■ EXERCISE AIM:
Nothing below is to be printed except the lines between the line holding "Blusa mujer brillo talla especial" and the line holding "Personalized Heart-Shaped Resin", inclusive, each exactly as it appears.

(Crawled caption data)
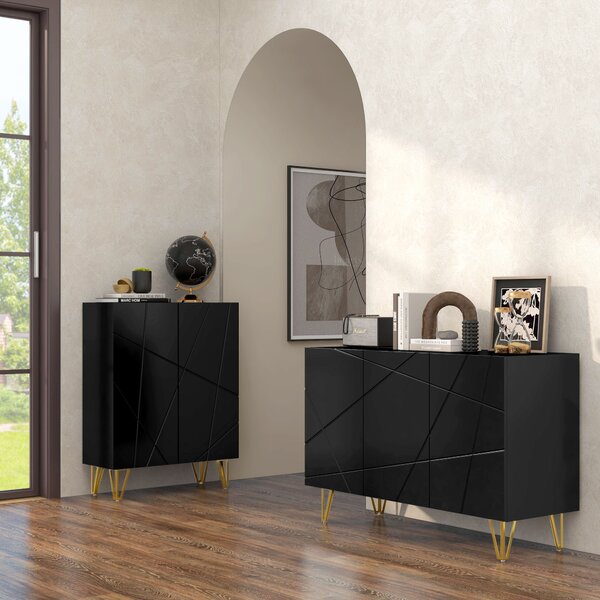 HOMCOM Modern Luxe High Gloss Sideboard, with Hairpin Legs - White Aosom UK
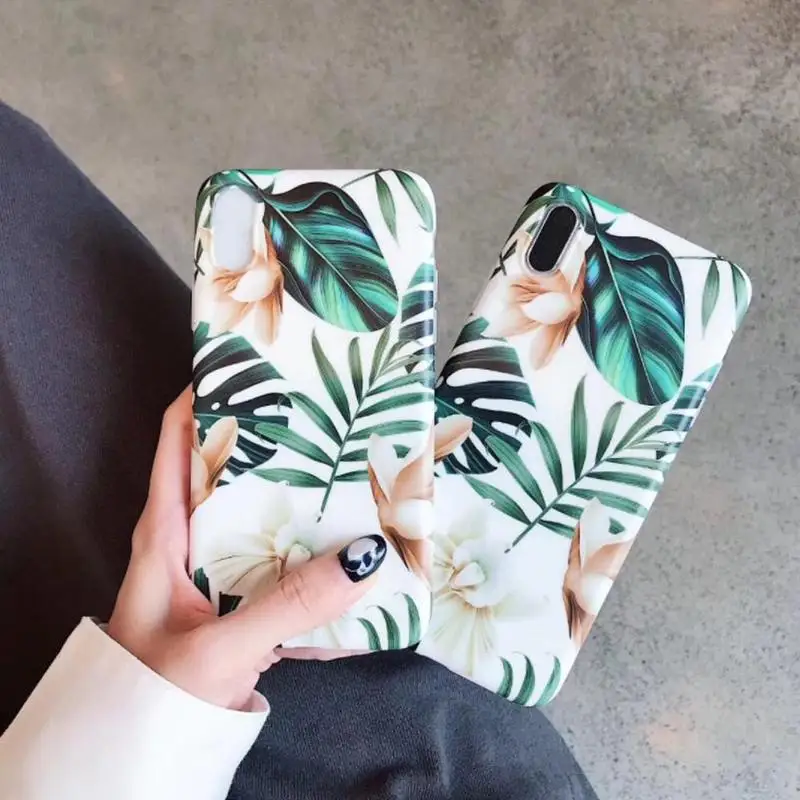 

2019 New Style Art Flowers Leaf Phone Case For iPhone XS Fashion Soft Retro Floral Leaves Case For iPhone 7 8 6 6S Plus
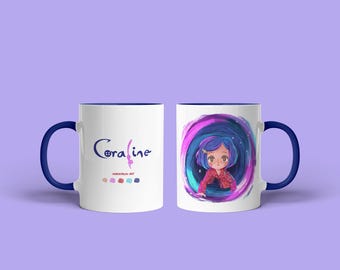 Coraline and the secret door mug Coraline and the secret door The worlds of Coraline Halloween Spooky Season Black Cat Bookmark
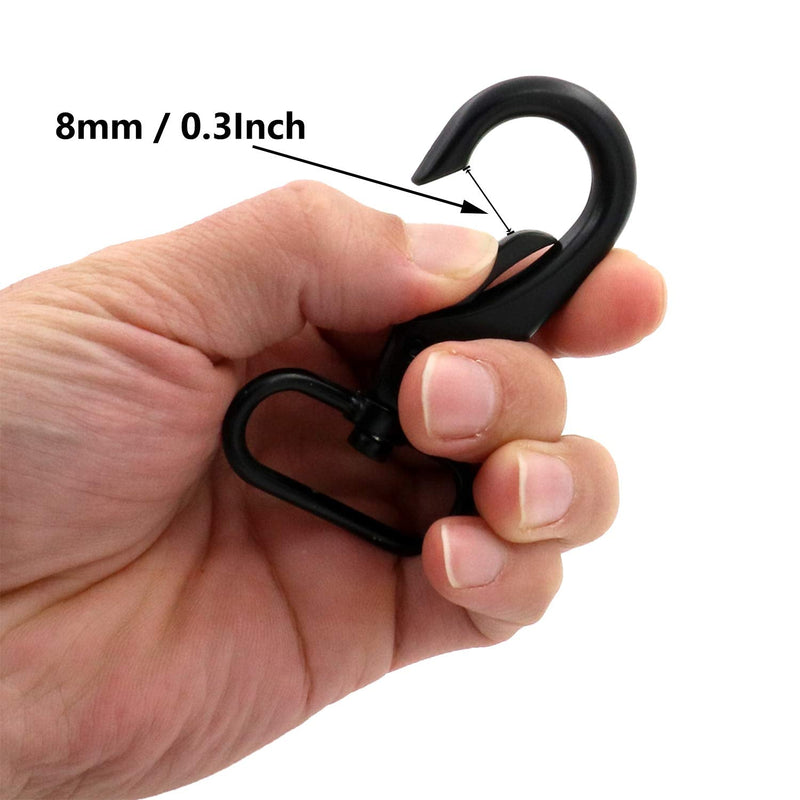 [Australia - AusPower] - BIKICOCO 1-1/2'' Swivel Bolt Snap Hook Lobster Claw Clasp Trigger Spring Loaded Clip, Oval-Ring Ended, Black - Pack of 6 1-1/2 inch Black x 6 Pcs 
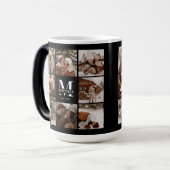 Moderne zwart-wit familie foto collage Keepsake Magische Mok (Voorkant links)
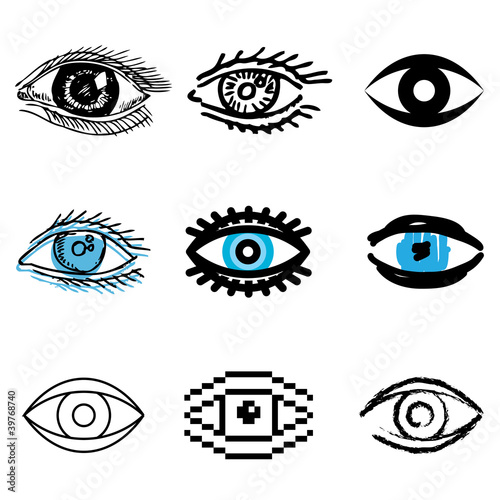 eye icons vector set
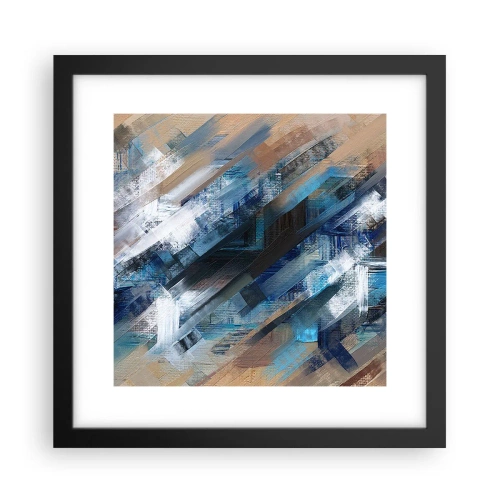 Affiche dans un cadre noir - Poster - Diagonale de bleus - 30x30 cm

==

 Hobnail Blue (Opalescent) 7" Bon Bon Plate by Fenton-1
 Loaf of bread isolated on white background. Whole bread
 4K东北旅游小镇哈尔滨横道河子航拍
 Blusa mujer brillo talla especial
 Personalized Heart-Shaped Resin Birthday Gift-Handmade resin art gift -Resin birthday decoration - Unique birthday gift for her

■ SOLUTION:
 Blusa mujer brillo talla especial
 Personalized Heart-Shaped Resin Birthday Gift-Handmade resin art gift -Resin birthday decoration - Unique birthday gift for her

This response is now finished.